Van Geel vervolgt: “Feyenoord heeft de helft van de begroting van Ajax of PSV. Ook Vitesse en Twente staan boven ons. We zullen ons heus niet verschuilen, maar waarschijnlijk richten we ons in eerste instantie op directe plaatsing voor Europees voetbal.”
Ajax-coach Frank de Boer wilde eerder deze week ook niet concreet op de doelstelling van Ajax vooruitlopen. “Dat snap ik wel van Frank, hij wil ook een zorgvuldige afweging maken. Toch denk ik dat Ajax favoriet is voor de titel; ze hebben een brede selectie, een stabiele technische staf en ze mogen ook niet weglopen voor hun begroting. Als er iemand vertrekt kunnen ze direct reageren met een nieuwe aankoop.”
‘Europees voetbal’; Van Geel spreekt het uit alsof er een taai stuk vlees op zijn bord ligt. “Maar je kan van jonge jongens niet verwachten dat ze 34 wedstrijden constant presteren en nooit eens door de ondergrens zakken. Je mag hopen dat we weinig blessures krijgen, net als vorig seizoen, en dat de talenten de klus klaren als Pellè of Immers eens wegvalt. Maar dat kan je niet direct van ze verwachten.”
Toch is er geen ploeg in de eredivisie met zeven Oranjegangers in de selectie. Dat is een open kiertje naar de Coolsingel, als je het de opportunistische supporter vraagt. Van Geel schudt rustig van nee. “De jongens hebben nu enkele wedstrijden ervaring in Oranje – los van routinier Joris Mathijsen – daar kan je niet direct een landskampioenschap mee winnen.”

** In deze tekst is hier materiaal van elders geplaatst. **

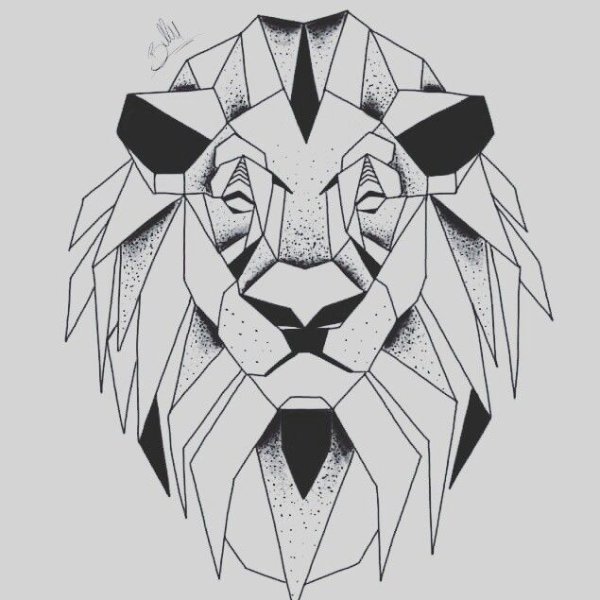 Эскиз тату Лев геометрия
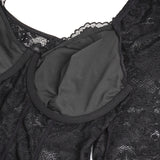 Sexy Lace Deep V Neck Long Sleeves Open Crotch Bodysuit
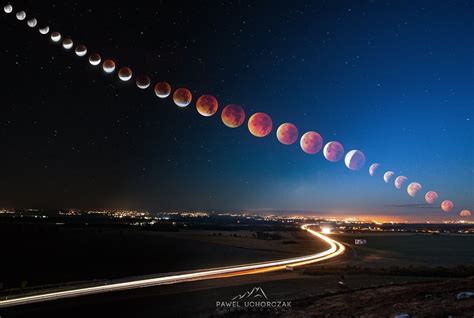 Time lapse photography of roadway during nighttime, Super Blood Moon ...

Geld voor aankopen is er niet. Feyenoord schept nog steeds water uit de boot, al is het financiële tij aardig gekeerd. “De fans hoeven geen grote aankopen te verwachten, maar we zijn nu eindelijk op het punt waarop we kunnen herinvesteren als we iemand verkopen. Althans, we kunnen een déél van de winst aan een nieuwe speler uitgeven.”
Dus, als we de geruchten in de media even combineren, dan kan Feyenoord volksheld Kuijt halen, omdat Pellè naar Zenith Sint-Petersburg vertrekt. Martin van Geel lacht hartelijk om de flauwekul. “Wij zouden drie miljoen op Kuijt hebben geboden. Niets van waar.”
De technisch directeur houdt even in; op het veld verovert Mathijsen de bal van Pellè, na een slim duwtje in zijn rug.
Dan weer de Brabantse stem: “Een bod van Zenith op Pellè? Onzin. Momenteel speelt er helemaal niets.” Hij herhaalt: “Niets.”
“Ik moet daar trouwens vaak wel om lachen, hoor. Er zijn dus mensen die verhalen verzinnen, zo uit de losse pols, en dat is dan nieuws. Vroeger ging het gezegde: ‘waar rook is, is vuur’ nog op. Tegenwoordig racen de media tegen elkaar om alles als eerste te hebben. Die strijd begrijp ik wel, maar zomaar iets verzinnen is toch ook redelijk merkwaardig.”
De spelers op het veld stoppen vijf minuten met het partijtje. Ze lopen richting de hoek van het veld, waar een ernstig zieke supporter door zijn vrienden en familie van zijn mobiele ziekenhuisbed wordt geholpen. De fans zetten massaal het krachtlied “You Never Walk Alone” in en ontsteken fakkels. De geliefde supporter krijgt handen van de spelers, wordt omarmd, gaat op de foto en wandelt naar zijn vrienden die een immens groot spandoek op de tribune hebben ontvouwen. “Vreselijk hè?” zegt Van Geel.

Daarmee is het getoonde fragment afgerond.